In speaking of “Excelsior,” Mr. Langtree (are we wrong in attributing the notice to his very forcible pen?) seems to labour under some similar misconception. “It carries along with it,” says he, “a false moral which greatly diminishes its merit in our eyes. The great merit of a picture, whether made with the pencil or pen, is its truth; and this merit does not belong to Mr. Longfellow’s sketch. Men of genius may, and probably do, meet with greater difficulties in their struggles with the world than their fellow men who are less highly gifted; but their power of overcoming obstacles is proportionately greater, and the result of their laborious suffering is not death but immortality.”

That the chief merit of a picture is its truth, is an assertion deplorably erroneous. Even in Painting, which is, more essentially than Poetry, a mimetic art, the proposition cannot be sustained. Truth is not even the aim. Indeed it is curious to observe how very slight a degree of truth is sufficient to satisfy the mind, which acquiesces in the absence of numerous essentials in the thing depicted. An outline frequently stirs the spirit more pleasantly than the most elaborate picture. We need only refer to the compositions of Flaxman and of Retzsch. Here all details are omitted — nothing can be farther from truth. Without even colour the most thrilling effects are produced.

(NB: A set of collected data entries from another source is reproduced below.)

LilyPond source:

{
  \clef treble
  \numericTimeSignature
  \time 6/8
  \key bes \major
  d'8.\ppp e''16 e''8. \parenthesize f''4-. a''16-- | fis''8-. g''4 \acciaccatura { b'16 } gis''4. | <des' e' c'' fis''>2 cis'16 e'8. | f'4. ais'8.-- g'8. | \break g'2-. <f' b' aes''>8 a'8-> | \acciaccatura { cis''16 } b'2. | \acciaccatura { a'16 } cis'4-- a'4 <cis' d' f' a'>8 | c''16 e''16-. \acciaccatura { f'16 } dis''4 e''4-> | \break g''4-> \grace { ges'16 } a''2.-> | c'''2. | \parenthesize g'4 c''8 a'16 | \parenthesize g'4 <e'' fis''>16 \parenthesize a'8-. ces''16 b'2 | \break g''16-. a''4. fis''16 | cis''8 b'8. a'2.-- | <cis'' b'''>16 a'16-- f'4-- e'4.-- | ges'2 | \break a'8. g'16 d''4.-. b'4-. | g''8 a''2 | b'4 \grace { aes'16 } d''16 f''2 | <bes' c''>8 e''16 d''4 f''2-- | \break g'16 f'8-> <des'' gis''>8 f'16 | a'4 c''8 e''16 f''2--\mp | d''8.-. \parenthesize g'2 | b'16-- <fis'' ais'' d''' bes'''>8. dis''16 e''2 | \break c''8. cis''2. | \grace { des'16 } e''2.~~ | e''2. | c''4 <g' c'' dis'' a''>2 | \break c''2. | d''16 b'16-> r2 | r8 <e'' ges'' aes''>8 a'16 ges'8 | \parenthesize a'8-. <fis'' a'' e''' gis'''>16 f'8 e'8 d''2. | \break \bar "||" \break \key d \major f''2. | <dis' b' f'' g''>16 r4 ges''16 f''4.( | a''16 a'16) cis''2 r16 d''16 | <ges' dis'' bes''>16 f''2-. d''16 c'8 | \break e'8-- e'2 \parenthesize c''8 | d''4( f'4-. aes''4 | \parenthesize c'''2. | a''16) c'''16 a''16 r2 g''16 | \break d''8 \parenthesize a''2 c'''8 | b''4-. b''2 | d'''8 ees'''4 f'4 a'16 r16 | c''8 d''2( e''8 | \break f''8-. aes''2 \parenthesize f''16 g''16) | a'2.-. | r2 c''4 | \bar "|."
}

In statues we are rather pleased than disgusted with the want of the eyeball. The hair of the Venus de Medicis was gilded. Truth indeed! The grapes of Zeuxis as well as the curtain of Parrhasius were received as indisputable evidence of the truthful ability of these artists — but they were not even classed among their pictures. If truth is the highest aim of either Painting or Poesy, then Jan Steen was a greater artist than Angelo, and Crabbe is a nobler poet than Milton.

But we have not quoted the observation of Mr. Langtree to deny its philosophy; our design was simply to show that he has misunderstood the poet. “Excelsior” has not even a remote tendency to the interpretation assigned it by the critic. It depicts the earnest upward impulse of the soul — an impulse not to be subdued even in Death. Despising danger, resisting pleasure, the youth, bearing the banner inscribed “Excelsior!” (higher stilll) struggles through all difficulties to an Alpine summit. Warned to be content with the elevation attained, his cry is still “Excelsior!” and even in falling dead on the highest pinnacle, his cry is still “Excelsior!” There is yet an immortal height to be surmounted — an ascent in Eternity. The poet holds in view the idea of never-ending progress. That he is misunderstood is rather the misfortune of Mr. Langtree tree the fault of Mr. Longfellow. There is an old adage about the difficulty of one’s furnishing an auditor both with matter to be comprehended and brains for its comprehension.